▶ _Exercise_: Exact copies of the lines from the start of the records through the line with "Joseph Floch, Woman" are what the answer must hold; pictures are not part of it.

====== Input records

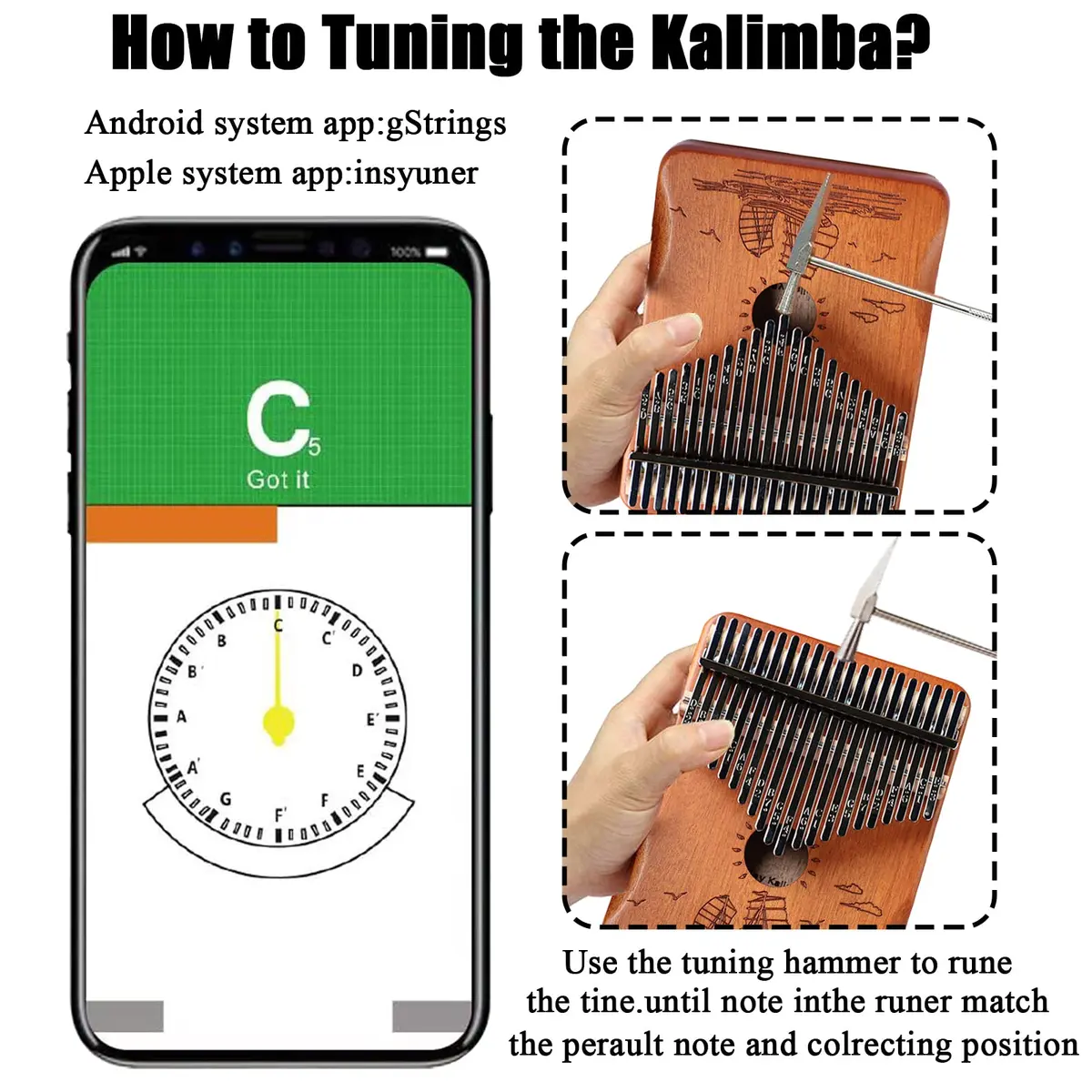 YSYFFPXXYYS Kalimba 21 Keys | Portable Thumb Piano for Beginners & Adults (Brown, 21-key, Mahogany) - view 5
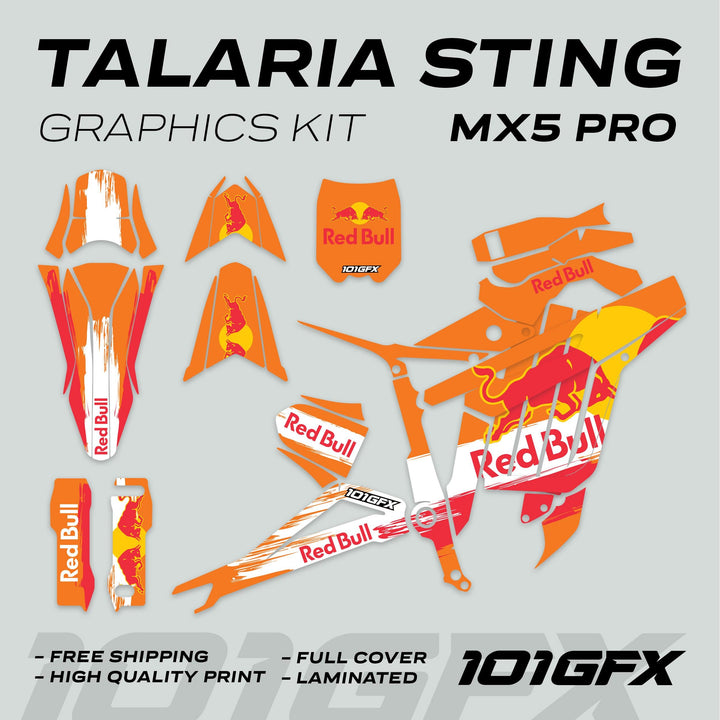 Talaria Sting MX5 PRO Graphics Kit RBULL RACE Orange Decals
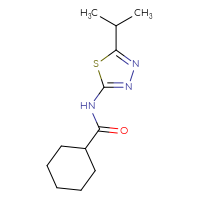 Chemical structure of N-[5-(propan-2-yl)-1,3,4-thiadiazol-2-yl]cyclohexanecarboxamide - CSSB00028125238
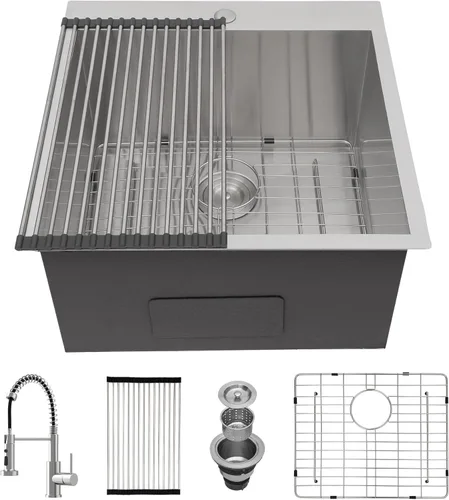 Miniatura 34 de Fregadero de cocina para exteriores, 21 x 20 pulgadas, fregadero de barra para exteriores, fregaderos de cocina de acero inoxidable de montaje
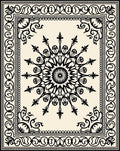 Black Sunburst Mandala Border Rug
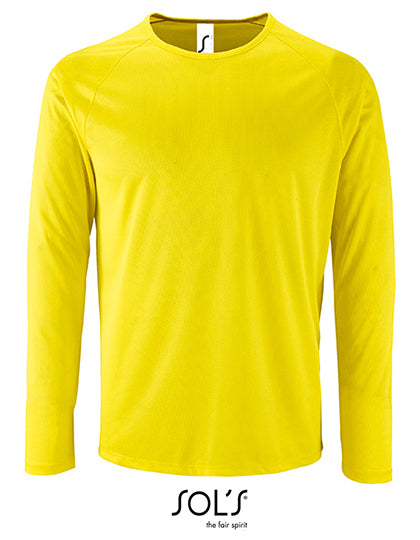 Men´s Long Sleeve Sports T-Shirt Sporty in Neon Yellow, Größe 3XL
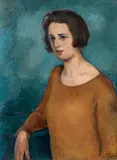 Joseph Floch, Woman in front of a blue background, 1924/25, oil on canvas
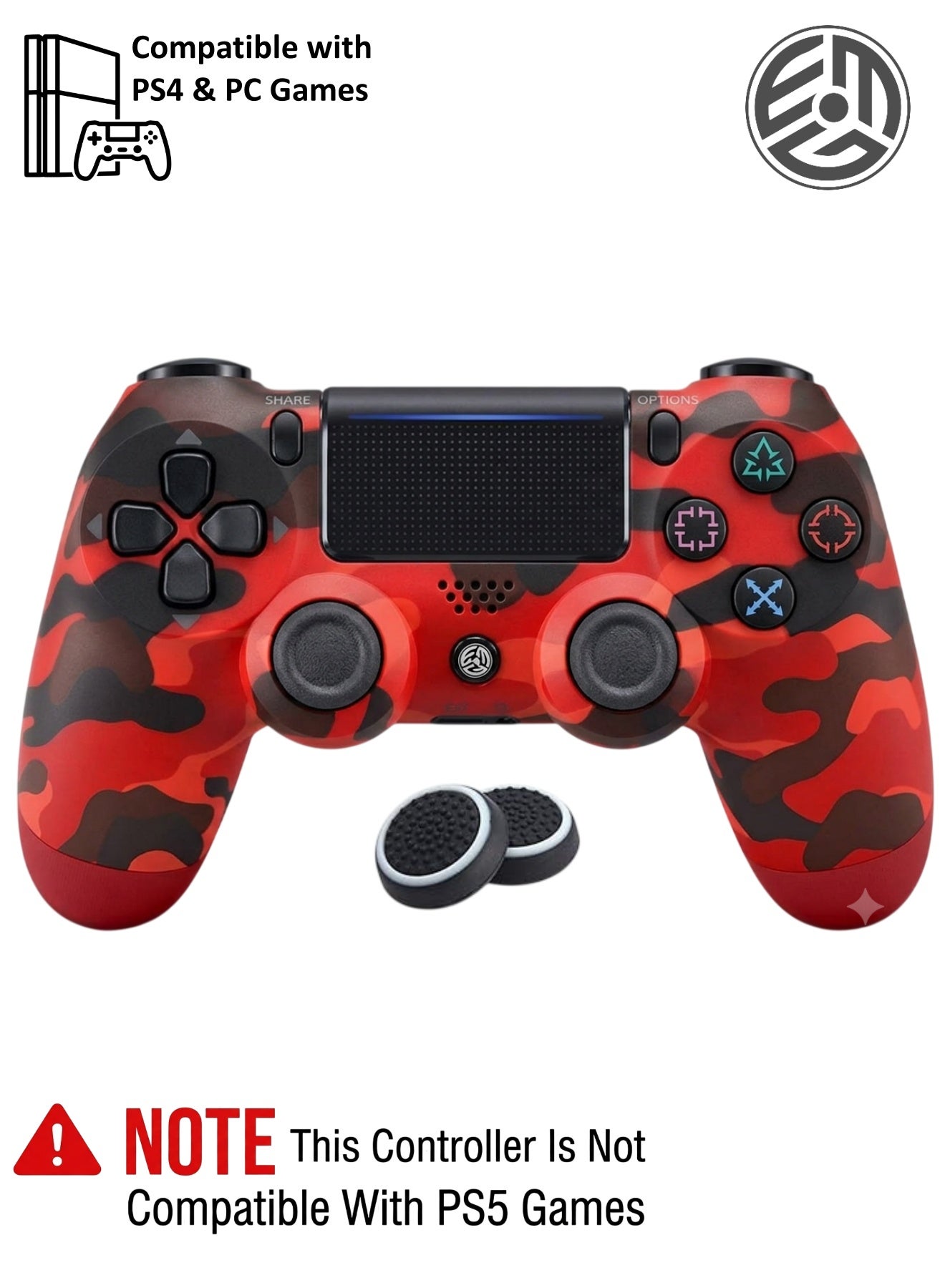 Wireless Controller for PS4, Custom Design V2 Gamepad Joystick for PS4 with Non-Slip Grip of Both Sides and 3.5mm Audio Jack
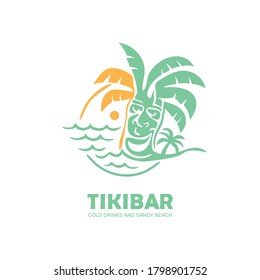 Tiki Bar Logo Design With Tiki Mask On The Beach. Emblem With Island, Palm Tree, Sea And Sun In The Background. Vector Illustration.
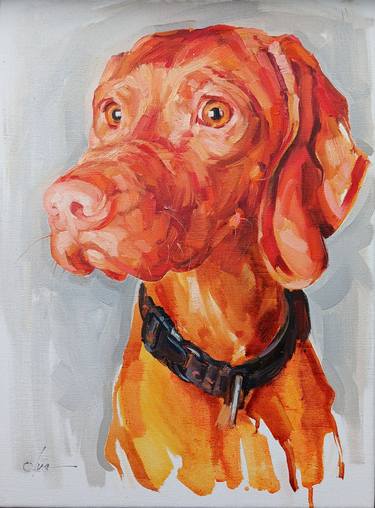 Original Contemporary Dogs Painting by Olga Ivanenko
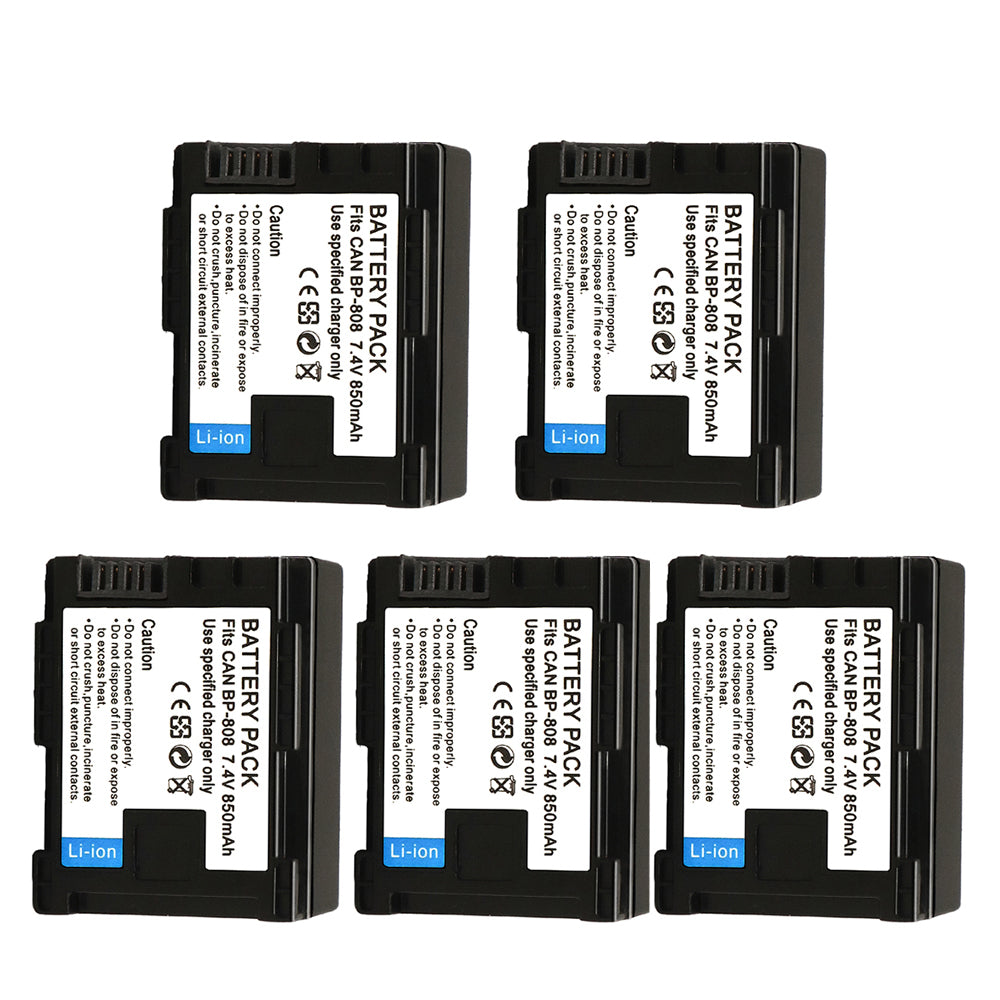 For Canon BP-808 BP-809 Battery FS10, FS11, FS20 VIXIA HF M30 850mAh Camera Batteries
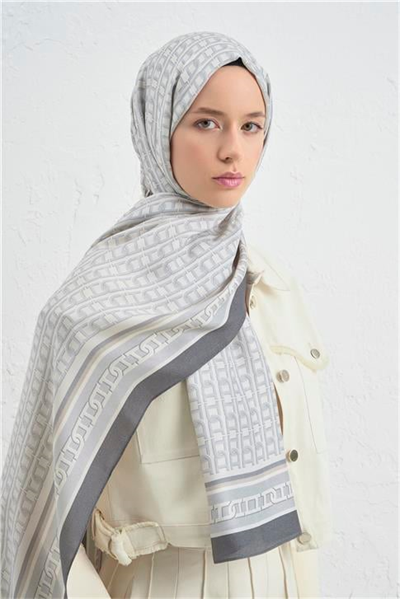Armine İpek Tensel Monogram Şal 01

============

▶ _Response below_:
 YSYFFPXXYYS Kalimba 21 Keys | Portable Thumb Piano for Beginners & Adults (Brown, 21-key, Mahogany) - view 5
 Talaria Sting MX5 PRO Graphics Kit RBULL RACE Orange Decals
 Chemical structure of N-[5-(propan-2-yl)-1,3,4-thiadiazol-2-yl]cyclohexanecarboxamide - CSSB00028125238
 Miniatura 34 de Fregadero de cocina para exteriores, 21 x 20 pulgadas, fregadero de barra para exteriores, fregaderos de cocina de acero inoxidable de montaje
 Black Sunburst Mandala Border Rug
 Men´s Long Sleeve Sports T-Shirt Sporty in Neon Yellow, Größe 3XL
 Joseph Floch, Woman in front of a blue background, 1924/25, oil on canvas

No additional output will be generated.